The High Court recently answered this question in Casehub Limited v Wolf Cola Limited. In this case, the defendant (W) sold cloud storage solutions to consumers on its standard terms and conditions. It charged customers a £20 per month subscription fee for a minimum fixed term of 12 months. If the customer terminated the agreement within the minimum term, a cancellation fee was payable, calculated as a lump sum equivalent to the total of the monthly charges remaining during the minimum term less a discount of 10% to reflect early payment by the customer.

Due to system problems, a number of W’s customers were unable to access the service and terminated their agreements within the first month. They were charged a cancellation fee of £196 each in accordance with W’s terms and conditions.
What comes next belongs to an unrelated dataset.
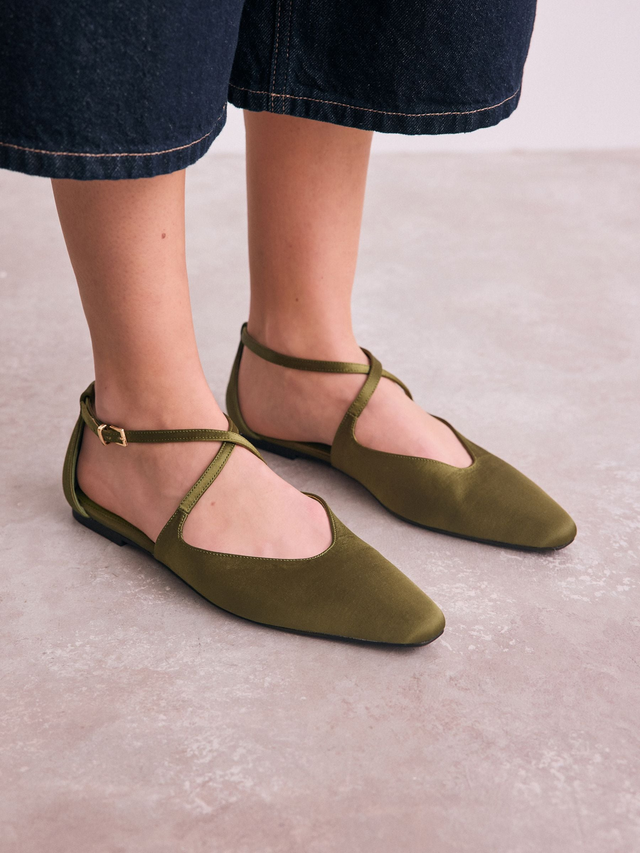 Green Satin Pointed Toe Ankle Strap Shoes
The claimant (C) took assignments from three customers of their claims against W to be refunded the cancellation fees and sued W. C argued that the cancellation fee provisions in the terms and conditions were unlawful. The specific ground of attack was that the provisions were unfair under Part II of the Consumer Rights Act 2015 (CRA).

What does the CRA say? 

The unfair terms provisions in Part II of the CRA implement the Unfair Contract Terms Directive (93/13/EEC) in the UK, and revoke the Unfair Terms in Consumer Contracts Regulations 1999. Section 62 CRA provides that an unfair term of a consumer contract is not binding on the consumer. A term will be unfair if “… contrary to the requirement of good faith, it causes a significant imbalance in the parties’ rights and obligations under the contract to the detriment of the consumer.”
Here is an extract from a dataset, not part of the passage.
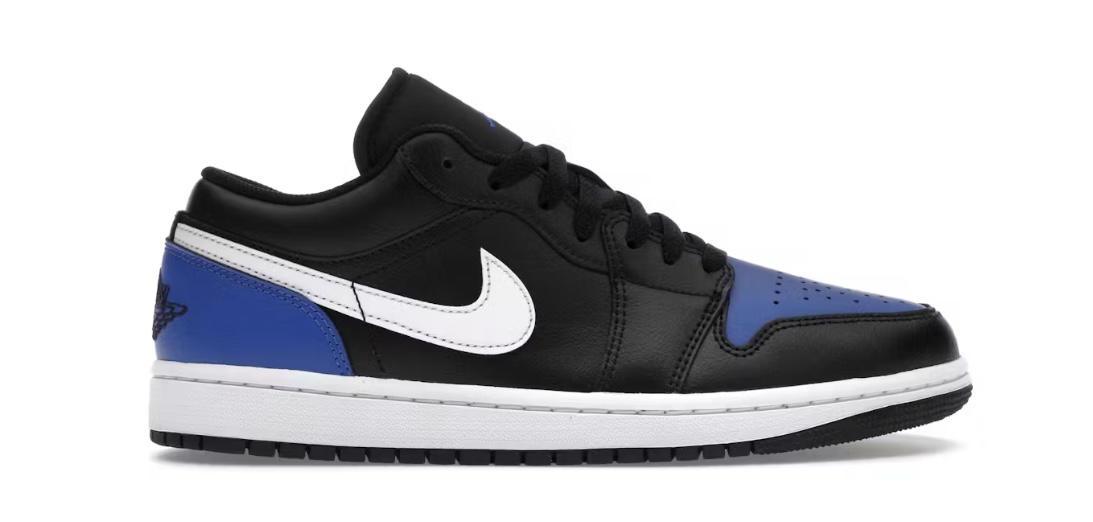 TENIS JORDAN 1 LOW BLACK ROYAL TOE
Section 64(1)(b) CRA provides:

“A term of a consumer contract may not be assessed for fairness under section 62 to the extent that […] the assessment is of the appropriateness of the price payable under the contract by comparison with the goods, digital content or services supplied under it.

The court had to decide if the cancellation fee provisions constituted the “price payable under the contract by comparison with the … services supplied under it”. It held that, although the cancellation fee clearly did not comprise the price payable under the contract, it was a monetary obligation on the customer which formed part of it. The cancellation fee was, in other words, part of the overall price package. Accordingly, it was excluded from a fairness challenge by S64(1)(b) CRA.
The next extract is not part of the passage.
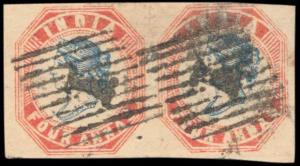 1854, Lithograph, 4 a. pair, 4th Printing, wide to very wide margins from either side, clo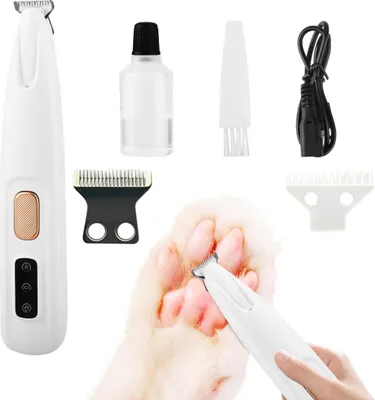 Produktbild von Hundeschermaschine Leise, Hunde Haarschneidemaschine, Pfotentrimmer Mit LED-Licht, Wasserdicht Pfoten Rasierer, USB Wiederaufladbar Schermaschine Hund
The court also considered in detail whether it was permissible for C to take an assignment of the individual consumers’ claims for the purposes of pursuing legal action against W. The question was whether such assignment offended against the public policy laws of maintenance and champerty (i.e. support of litigation in which a party has no legitimate and genuine interest (maintenance) or where they receive a share of the damages (champerty)). The judge held that the assignment of the claims to C was both valid and permissible.

What are the implications?

In its guidance (‘CMA 37’), the Competition and Markets Authority (CMA) explains that the purpose of the S64(1)(b) exemption is to “remove any risk of unnecessary regulation of the […] price in the contract. In a free market economy, parties to a contract are free to shape the principal obligations as they see fit. The relationship between the price and the goods or services provided is determined not according to some legal formula but by the mechanism of the market.” The CMA goes on to say that the S64(1)(b) exemption:

does not operate to exempt payment terms as such – and particularly not indiscriminately. Rather, it covers terms that go directly to the question of whether the contract price can be considered to be ‘adequate’ or ‘appropriate’ as compared with what is supplied in return … the focus is not on price alone but on the quality/price ratio of the goods or services supplied.”

From the consumer’s perspective, the decision in Casehub v Wolf Cola may appear unsatisfactory – indeed C argued that it was directly at odds with rulings on the point by the European Court of Justice (although the High Court doubted if that was the case). It is noteworthy that neither party was legally represented in court. If they had been, the judge may have been persuaded to make a reference to the European Court of Justice for guidance on the relevance of its earlier rulings, and that may have changed the outcome in this case.

The High Court was at pains to highlight the distinction made by the CMA in its guidance – that what was excluded here was only a challenge on the basis that the fees were excessive in comparison with the services supplied in return (in other words, price versus value). The court made it clear that the cancellation provisions could still be assessed for fairness on the basis that they were otherwise unfair.

Note that in Casehub v Wolf Cola, C may have been able to attack the cancellation provisions as being grey-listed and, therefore, assessable for fairness. For example, Schedule 2 CRA includes as a grey-listed term “a term which has the object or effect of requiring that, where the consumer decides not to conclude or perform the contract, the consumer must pay the trader a disproportionately high sum in compensation or for services which have not been supplied.” However, this argument was not advanced.

The takeaway from this ruling for suppliers is that, although price provisions (including cancellation fees) can never be subject to a ‘price versus value’ type assessment, they are not exempt from the fairness requirement entirely. Suppliers should be mindful of this when drafting price provisions into their terms and conditions.